O jovem inteligente e solitário caiu em si e percebeu que iria para o mercado com 1% de chances de êxito! Isto é incrível disse ele, com o semblante de quem levou um choque. E eu disse: você não é exceção. Sua situação é idêntica a boa parte dos em­preendedores brasileiros, que usam o em­preendedorismo como um substituto do emprego, o que é um grande equívoco, pois o empreendedorismo é um instrumento do capital, de investimentos que são realizados e requerem o retorno do dinheiro investido, multiplicado, o mais rápido possível.

E mais, disse eu: assim como acontece na micro economia também ocorre na ma­cro economia.

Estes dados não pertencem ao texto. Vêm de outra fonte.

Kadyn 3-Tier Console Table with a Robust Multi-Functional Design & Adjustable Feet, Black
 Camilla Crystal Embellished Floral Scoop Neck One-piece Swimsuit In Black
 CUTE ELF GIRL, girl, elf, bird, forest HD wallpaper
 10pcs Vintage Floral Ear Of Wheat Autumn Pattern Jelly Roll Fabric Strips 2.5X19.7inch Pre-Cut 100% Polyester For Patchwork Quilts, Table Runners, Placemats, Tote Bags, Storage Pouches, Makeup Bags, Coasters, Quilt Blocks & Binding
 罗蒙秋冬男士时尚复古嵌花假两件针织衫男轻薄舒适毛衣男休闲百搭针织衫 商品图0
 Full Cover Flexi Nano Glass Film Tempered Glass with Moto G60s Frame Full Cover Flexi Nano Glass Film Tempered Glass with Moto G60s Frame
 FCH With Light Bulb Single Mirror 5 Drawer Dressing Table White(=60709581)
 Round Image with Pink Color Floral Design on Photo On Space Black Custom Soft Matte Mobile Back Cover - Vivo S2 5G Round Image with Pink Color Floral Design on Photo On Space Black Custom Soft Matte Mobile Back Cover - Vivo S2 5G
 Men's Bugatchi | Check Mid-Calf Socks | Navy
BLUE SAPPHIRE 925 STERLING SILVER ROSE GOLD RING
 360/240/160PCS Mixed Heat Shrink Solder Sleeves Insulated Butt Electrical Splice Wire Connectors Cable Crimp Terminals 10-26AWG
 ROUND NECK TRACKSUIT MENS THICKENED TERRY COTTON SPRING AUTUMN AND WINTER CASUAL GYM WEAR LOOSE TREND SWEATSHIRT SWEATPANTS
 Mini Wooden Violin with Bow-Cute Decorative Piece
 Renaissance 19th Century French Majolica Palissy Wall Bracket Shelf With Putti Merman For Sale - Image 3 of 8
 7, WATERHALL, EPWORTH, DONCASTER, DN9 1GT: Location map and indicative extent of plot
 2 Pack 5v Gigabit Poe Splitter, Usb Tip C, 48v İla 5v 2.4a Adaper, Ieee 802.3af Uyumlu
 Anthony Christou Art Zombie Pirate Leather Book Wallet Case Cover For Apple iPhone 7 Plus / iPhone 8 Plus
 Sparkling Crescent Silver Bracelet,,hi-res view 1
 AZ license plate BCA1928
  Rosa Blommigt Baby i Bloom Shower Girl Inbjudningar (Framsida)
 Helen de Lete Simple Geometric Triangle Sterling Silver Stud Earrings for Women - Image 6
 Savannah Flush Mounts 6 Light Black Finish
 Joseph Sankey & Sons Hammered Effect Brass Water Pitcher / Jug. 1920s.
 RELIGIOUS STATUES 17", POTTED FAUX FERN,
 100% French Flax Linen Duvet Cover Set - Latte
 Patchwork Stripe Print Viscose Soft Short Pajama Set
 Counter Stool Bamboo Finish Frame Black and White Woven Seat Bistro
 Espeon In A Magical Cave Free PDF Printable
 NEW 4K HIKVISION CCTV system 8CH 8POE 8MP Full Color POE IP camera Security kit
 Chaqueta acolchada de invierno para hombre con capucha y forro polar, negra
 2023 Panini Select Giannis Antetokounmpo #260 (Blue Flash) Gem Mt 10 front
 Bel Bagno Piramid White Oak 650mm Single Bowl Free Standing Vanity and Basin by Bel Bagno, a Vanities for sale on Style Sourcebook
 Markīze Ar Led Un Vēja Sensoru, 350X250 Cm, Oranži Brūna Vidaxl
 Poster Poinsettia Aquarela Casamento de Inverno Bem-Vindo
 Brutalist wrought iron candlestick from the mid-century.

O Brasil historicamente tem uma taxa de investimento que é menor que 20% do PIB, ao passo que países em cresci­mento, como Coreia do Sul e China, estão num patamar de 35 a 40%.

Tudo isto somado e considerando que as micro e pequenas empresas são 99% das empresas brasileiras e que respondem por 20% do PIB fica claro que somos uma nação que tem uma cultura de subempre­endedorismo. Talvez isto ajude a explicar o crescimento de nosso país na casa próxima de 1%.

Está na hora de começarmos a aprender a pensar grande. Conhecimento grande, investimento grande e empreendedorismo pleno.